### Assignment
List each line of the data in which the string "table" appears.

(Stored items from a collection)
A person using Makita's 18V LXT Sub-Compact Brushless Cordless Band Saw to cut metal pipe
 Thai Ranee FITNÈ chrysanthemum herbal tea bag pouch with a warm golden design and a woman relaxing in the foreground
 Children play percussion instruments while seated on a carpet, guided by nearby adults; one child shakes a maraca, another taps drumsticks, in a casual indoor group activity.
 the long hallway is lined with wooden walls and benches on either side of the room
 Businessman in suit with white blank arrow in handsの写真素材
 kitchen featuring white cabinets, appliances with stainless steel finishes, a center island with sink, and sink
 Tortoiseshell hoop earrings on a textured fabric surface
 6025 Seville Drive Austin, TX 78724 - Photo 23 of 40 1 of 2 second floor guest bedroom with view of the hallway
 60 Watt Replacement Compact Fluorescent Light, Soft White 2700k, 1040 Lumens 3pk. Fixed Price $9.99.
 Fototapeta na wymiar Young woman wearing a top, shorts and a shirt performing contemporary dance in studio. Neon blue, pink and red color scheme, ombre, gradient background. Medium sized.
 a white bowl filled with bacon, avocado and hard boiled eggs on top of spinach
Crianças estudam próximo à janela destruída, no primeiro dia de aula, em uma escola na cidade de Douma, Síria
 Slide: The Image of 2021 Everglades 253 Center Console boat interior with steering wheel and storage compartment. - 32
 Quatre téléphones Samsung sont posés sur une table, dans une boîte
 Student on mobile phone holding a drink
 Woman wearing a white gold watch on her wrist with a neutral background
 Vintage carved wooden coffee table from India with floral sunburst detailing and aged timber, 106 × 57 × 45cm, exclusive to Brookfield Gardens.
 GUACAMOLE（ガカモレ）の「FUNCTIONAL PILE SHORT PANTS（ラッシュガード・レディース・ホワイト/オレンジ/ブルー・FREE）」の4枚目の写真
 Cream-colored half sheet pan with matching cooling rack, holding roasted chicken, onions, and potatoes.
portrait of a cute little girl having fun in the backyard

### Solution to this exercise
 Quatre téléphones Samsung sont posés sur une table, dans une boîte
 Vintage carved wooden coffee table from India with floral sunburst detailing and aged timber, 106 × 57 × 45cm, exclusive to Brookfield Gardens.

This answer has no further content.